In what was a special pick for the borough, the New York State Unified Court system chose Bronx county’s new Hall of Justice to hold this year’s memorial service for three slain court officers who perished trying to save the lives of others on 9/11.
The event, which took place in the Jury Assembly Room on Thursday, September 11, was broadcast on closed circuit television to court workers, officers, judges and lawyers in the 13 judicial districts all over New York State.
The Honorable Anna Pfau, chief administrative judge for New York State, was in attendance to pay tribute to the families of the hero court officers who died in the rescue efforts at the World Trade Center: Captain William Harry Thompson, Senior Court Officer Thomas Jurgens and Senior Court Officer Mitchel Wallace.

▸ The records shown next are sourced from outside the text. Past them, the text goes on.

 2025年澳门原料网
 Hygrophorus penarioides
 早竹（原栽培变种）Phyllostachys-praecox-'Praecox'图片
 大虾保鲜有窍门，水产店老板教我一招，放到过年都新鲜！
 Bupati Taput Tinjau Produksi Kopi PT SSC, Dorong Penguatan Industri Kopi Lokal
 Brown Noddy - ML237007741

“Seven years later, we are still in awe of what they did,” said Judge Anna Pfau. “We are inspired daily by the heroic actions of these officers. There is so much more to the story of 9/11 than the attacks and senseless violence. Thousands of uniformed heroes rushed to the scene of the attacks. They demonstrated and taught us humanity and compassion with their own lives.”
Pfau also thanked the thousands of other men and women who make the courts run, saying those working in the days following 9/11 had a Herculean task, but kept all of the courts running while re-opening the Manhattan court sooner than anyone would have anticipated.

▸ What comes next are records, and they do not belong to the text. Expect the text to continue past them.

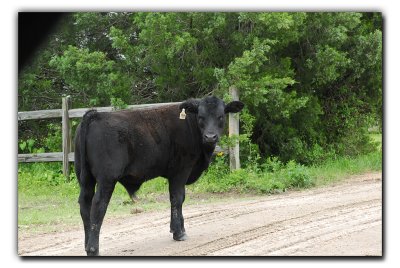 I'm Free, near Industry TX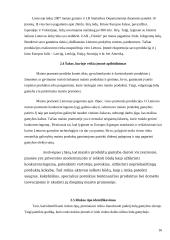 Kainodaros organizavimas: UAB "Vikeda" 16 puslapis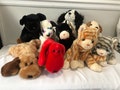 Ty Beanie Buddies Choice of Dogs and Cats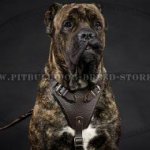 Leather Dog Harness for Cane Corso Training, Work and Walking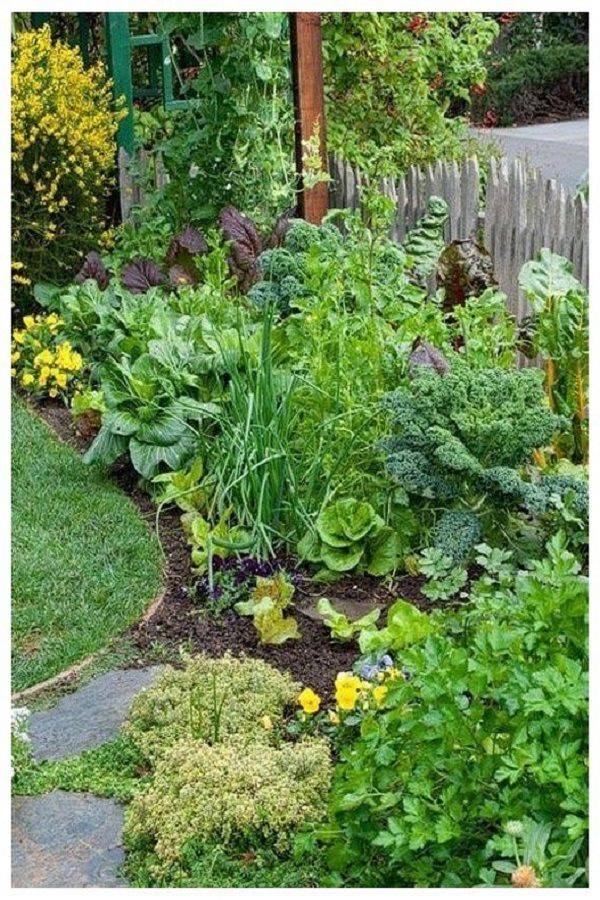 Beautiful Low Maintenance Front Yard Garden And Landscaping Ideas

Family members from Jurgens and Thompson families were present at the event, while the Wallace family was there in spirit as the next day fallen officer Mitchel Wallace’s son was to be married.
Also in attendance were hundreds of judges, lawyers, court officers, and court workers who make the Bronx supreme, criminal, and civil courts tick.
Representatives from the NYPD, FDNY, New York City Department of Corrections, Bronx Legal Aid Society, as well as the Cardinal Hayes High School band that performed the Star Spangled Banner and America The Beautiful, made the ceremony honoring heroes complete.
“We have set aside a moment in our busy schedules to remember the victims of 9/11,” said Judge Barry Solomon. “We watched the tragedy unfold from the window of the criminal court on 9/11.”
The Honorable John Collins, who was master of ceremonies, took time out of the event to honor the heroism of a court officer who rescued two men who fell off a subway platform while fighting and onto and electrified rail line within in the past year, Court Officer Timmy Cowart. Cowart had the same spirit as the court officers who raced into the World Trade Center, as he was on his way to work and not obliged to help.
“The fallen court officers were not there as the result of any assignment,” Collins noted. “They were there out of the goodness of their hearts, to save brother and sister citizen.”